Within the lines below, the span from the line with "Hi, I'm Richard" to the line with "Verify your toolpath", both ends included, is to be reproduced exactly, with pictures omitted.

+++ Input material +++

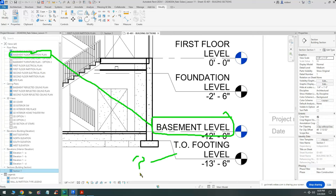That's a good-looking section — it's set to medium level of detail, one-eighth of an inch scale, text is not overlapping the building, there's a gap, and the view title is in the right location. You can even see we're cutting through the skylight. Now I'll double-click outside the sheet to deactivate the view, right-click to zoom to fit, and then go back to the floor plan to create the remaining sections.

+++
+++ Input material +++

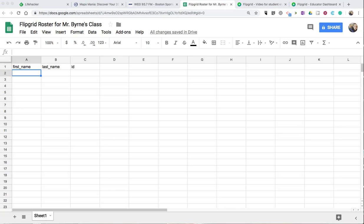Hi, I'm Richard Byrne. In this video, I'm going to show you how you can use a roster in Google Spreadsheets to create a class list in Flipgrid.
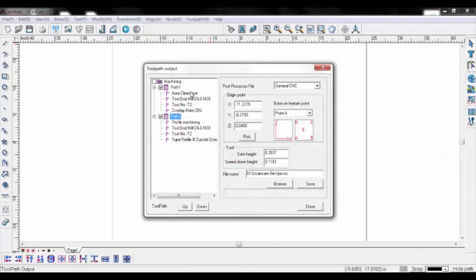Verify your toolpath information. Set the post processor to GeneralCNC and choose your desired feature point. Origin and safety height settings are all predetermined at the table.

+++

§ Written answer:
Hi, I'm Richard Byrne. In this video, I'm going to show you how you can use a roster in Google Spreadsheets to create a class list in Flipgrid.
Verify your toolpath information. Set the post processor to GeneralCNC and choose your desired feature point. Origin and safety height settings are all predetermined at the table.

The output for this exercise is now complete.